▶ _Exercise directions_: Print exactly the lines of the listing below from the one containing "a view of a" through the final line, both included, and no pictures.

▶ _Available records_:
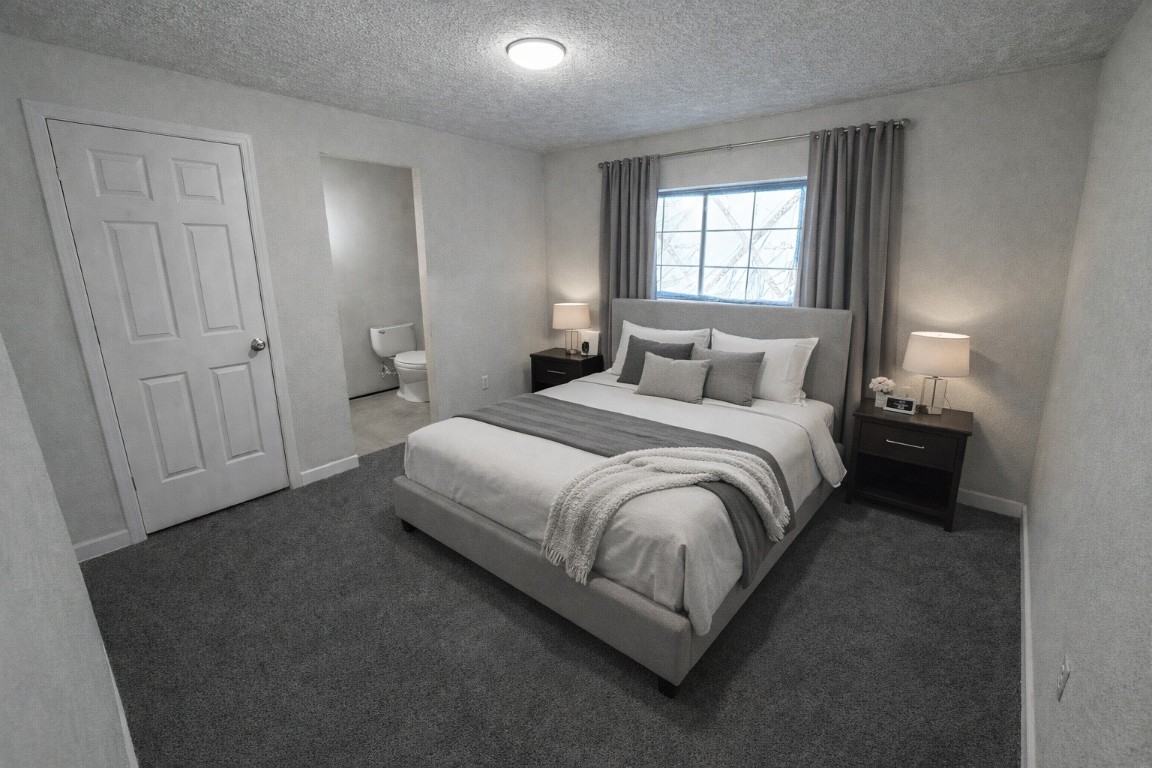 5423 Grace Point Lane Houston, TX 77048 - Photo 3 of 6 a bedroom with a bed and a window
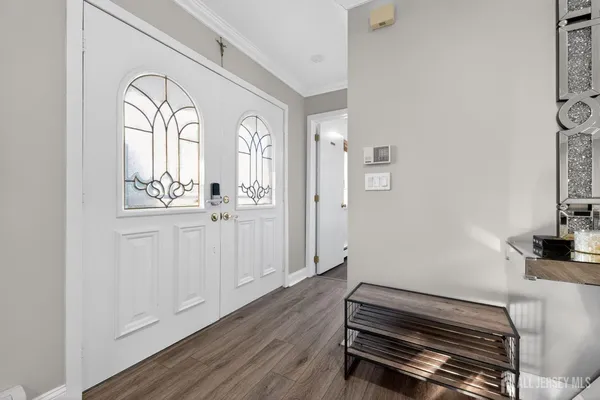 a view of a livingroom with wooden floor and a window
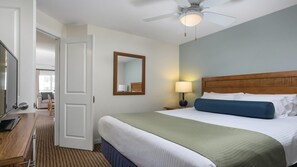 A hotel room with a bed, bedside table, lamp, ceiling fan, and a view of the hallway.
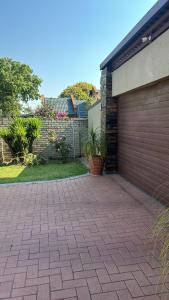 a brick driveway next to a garage at Tana's flat in Brakpan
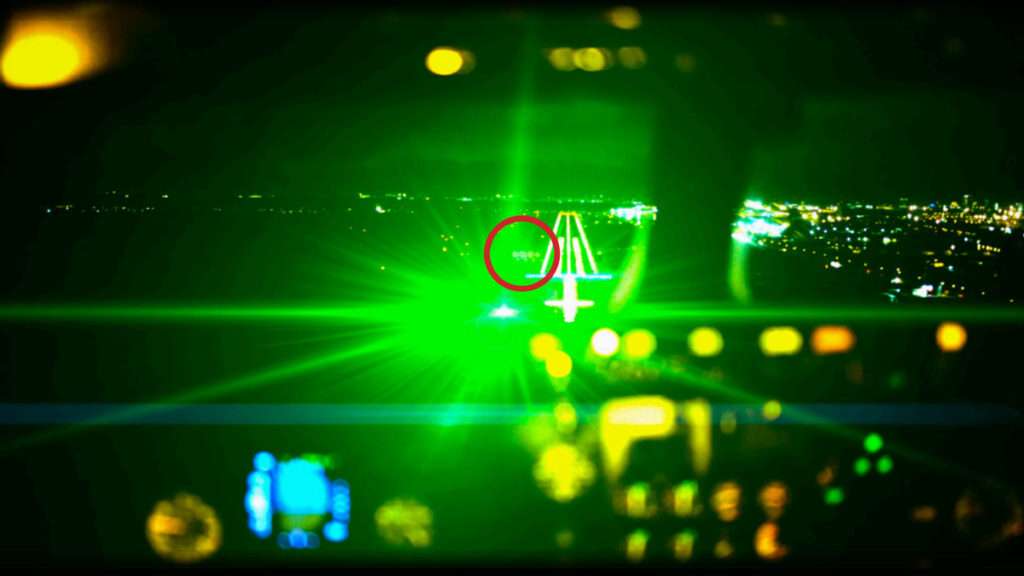 Effect of a laser pointed at an aircraft landing at night.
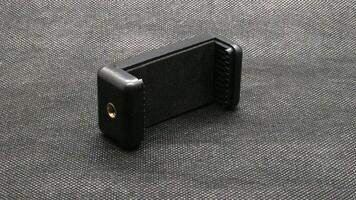 Tripod U holder for smart phone and camera isolated photo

▶ _Your response_:
 a view of a livingroom with wooden floor and a window
 A hotel room with a bed, bedside table, lamp, ceiling fan, and a view of the hallway.
 a brick driveway next to a garage at Tana's flat in Brakpan
 Effect of a laser pointed at an aircraft landing at night.
 Tripod U holder for smart phone and camera isolated photo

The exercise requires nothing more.